Yeah...you'll hear 1 fish per gallon, or one inch of fish per gallon, at lot, almost entirely from people who don't know what they are talking about, usually in petshops. Here's an extreme example of why it wouldn't work - imagine ten angelfish in a ten gallon, or a ten-inch oscar. Conversely, one little tetra would be very sad in a one gallon. That rule doesn't take into account a whole bunch of things, including territorialness/aggressiveness, bioload and schooling needs. 

Fiery is very cute! Does she have a heater in her little bowl?


----------



## EllaEcstasy7 (Feb 27, 2013)

I understand. And yes, she does  I moved it to take the picture. She is the most aggressive of them all, hence the name I gave her.


----------



## EllaEcstasy7 (Feb 27, 2013)

I finally got more plants and my girls are all together


----------



## Bombalurina (Oct 10, 2011)

Super! Pictures?


----------



## Kwomais (Dec 31, 2012)

The girl that was causing the problems... was it the one in the cup in the first pic, and flaring in the second and third pics? Because I think I see a beard, and if I recall correctly, that could mean that "she" is a he... And that would explain the aggression that you're seeing. Anybody else see this?


----------



## EllaEcstasy7 (Feb 27, 2013)

No those are different fish. The one flaring in the second picture is the aggressive one but she is flaring up her gills too. There are 2 other girls who do it too. They look normal otherwise. She is also the one in the picture that I posted last night.. The one with the female sleeping on the leaf.


----------



## Kwomais (Dec 31, 2012)

Her body's a bit boyish too, I'd keep an eye on her in case she turns out to be a gender-bender. Another member, Syriiven had a few problems with gender benders in her sorority XD


----------



## Kwomais (Dec 31, 2012)

Also, Pictures! I love looking at peoples sororities!

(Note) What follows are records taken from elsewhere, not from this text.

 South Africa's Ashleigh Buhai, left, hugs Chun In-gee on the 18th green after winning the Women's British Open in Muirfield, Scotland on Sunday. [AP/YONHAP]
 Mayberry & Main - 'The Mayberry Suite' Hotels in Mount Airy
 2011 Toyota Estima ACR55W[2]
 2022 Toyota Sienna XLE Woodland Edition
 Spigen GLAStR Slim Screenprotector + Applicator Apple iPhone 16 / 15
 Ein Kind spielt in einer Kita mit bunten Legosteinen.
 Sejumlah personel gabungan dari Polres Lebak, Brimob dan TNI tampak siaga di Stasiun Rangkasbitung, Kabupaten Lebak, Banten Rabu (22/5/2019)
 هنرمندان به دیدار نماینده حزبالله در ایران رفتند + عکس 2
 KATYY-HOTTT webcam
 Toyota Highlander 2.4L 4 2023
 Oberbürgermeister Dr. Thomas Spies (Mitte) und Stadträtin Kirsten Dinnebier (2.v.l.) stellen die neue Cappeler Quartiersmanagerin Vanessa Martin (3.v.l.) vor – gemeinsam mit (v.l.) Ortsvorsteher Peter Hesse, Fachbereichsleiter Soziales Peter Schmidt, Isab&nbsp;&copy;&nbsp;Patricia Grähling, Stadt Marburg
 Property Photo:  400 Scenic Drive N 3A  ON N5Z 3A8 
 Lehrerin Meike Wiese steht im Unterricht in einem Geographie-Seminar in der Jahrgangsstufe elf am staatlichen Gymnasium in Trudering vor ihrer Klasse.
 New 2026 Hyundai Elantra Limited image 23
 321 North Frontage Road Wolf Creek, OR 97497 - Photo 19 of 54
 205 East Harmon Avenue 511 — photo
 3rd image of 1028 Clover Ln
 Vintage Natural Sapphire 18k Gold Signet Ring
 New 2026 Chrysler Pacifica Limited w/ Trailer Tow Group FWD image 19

Makes me jealous of what I can't have


----------



## Bombalurina (Oct 10, 2011)

I see what you mean about the cupped betta in the first photo...can't hurt to keep an eye on her just in case. Can you post some closer pictures of her?


----------



## EllaEcstasy7 (Feb 27, 2013)

So far everyone is getting along.. There is a lot of chasing going on which is normal, but Princess and Fiery seem to only go after the bluer colored females which are the ones that are 2 of the 3 crown tailed. They don't pay Lady any mind which confuses me.




Princess and Fiery have the closest bodies to males out of them all.


----------



## Kwomais (Dec 31, 2012)

Nice! I love all of the colours you have in there (Ladies and plants)!


----------



## EllaEcstasy7 (Feb 27, 2013)

The top picture in the line up I just posted is of Fiery, she is the one giving me the most trouble. Princess isn't as bad but she gives a little bit of a chase after the blue ones too.. Give me a second to find a closer picture of Princess


----------



## EllaEcstasy7 (Feb 27, 2013)

The one in the cup is Princess.. These are the best ones I can find of her.


----------



## Kwomais (Dec 31, 2012)

Princess is definitely a princess (she's got cuuuurves), I'm still on the fence about Firey though...


----------



## EllaEcstasy7 (Feb 27, 2013)

She does fine alone in a bowl so I might take her out and see about getting another female instead.


----------



## Kwomais (Dec 31, 2012)

Well if you're happy with that solution, why not? That way She can have a happier live, the blues she's harassing can have a happier life and you don't have to stress about someone getting hurt! Good on you! It's tough to make a decision like that  (I LOVE that fuchsia plant, btw)


----------



## EllaEcstasy7 (Feb 27, 2013)

Thanks  I guess I will take her back out and put her back in that bowl and try again with another female.


----------



## Shadyr (Mar 27, 2012)

Maybe it's something with reds. My red girl Grif has a distinctly different body shape than my other girls. She's somehow longer and slimmer, but she's still definitely a she.


----------



## EllaEcstasy7 (Feb 27, 2013)

I talked to Syriiven and she said she was unsure but she is leaning towards it being a male. I put her in a smaller tank alone with a heater and the other girls are still in the bigger tank. Everyone seems to be doing just fine. Now I just have to find another female who is really a female. 

You think if I take her back to the pet store they will let me get another one instead??


----------



## Kwomais (Dec 31, 2012)

I'm sure they will. Just explain that there was very too much aggression from her and that you'd like to exchange her for another. Any pet stare worth their salt will be happy to oblige because it means that you will likely return and you will likely recommend them to people you know. Accepting exchanges is just good business!


----------



## EllaEcstasy7 (Feb 27, 2013)

I found out that the policy is 14 days and I have about a week left to return her. I plan to do it tomorrow... I hope I can find a better one though she/he is so cute when cuddling into the plants


----------



## Kwomais (Dec 31, 2012)

That's great! I always ask about return policies before purchasing fish/invertebrates just in case there's a problem with behaviour or if they die in the first week or so. I have yet to find a place that's not good (except Petland for their snails: they refuse to guarantee them, so I don't buy any from there).

I hope you can find a girlie with as much personality as her too!


----------



## EllaEcstasy7 (Feb 27, 2013)

I found one similar to her except she is a ct.. She is aggressive enough and even shows Princess she is the boss. She fits right in so far


----------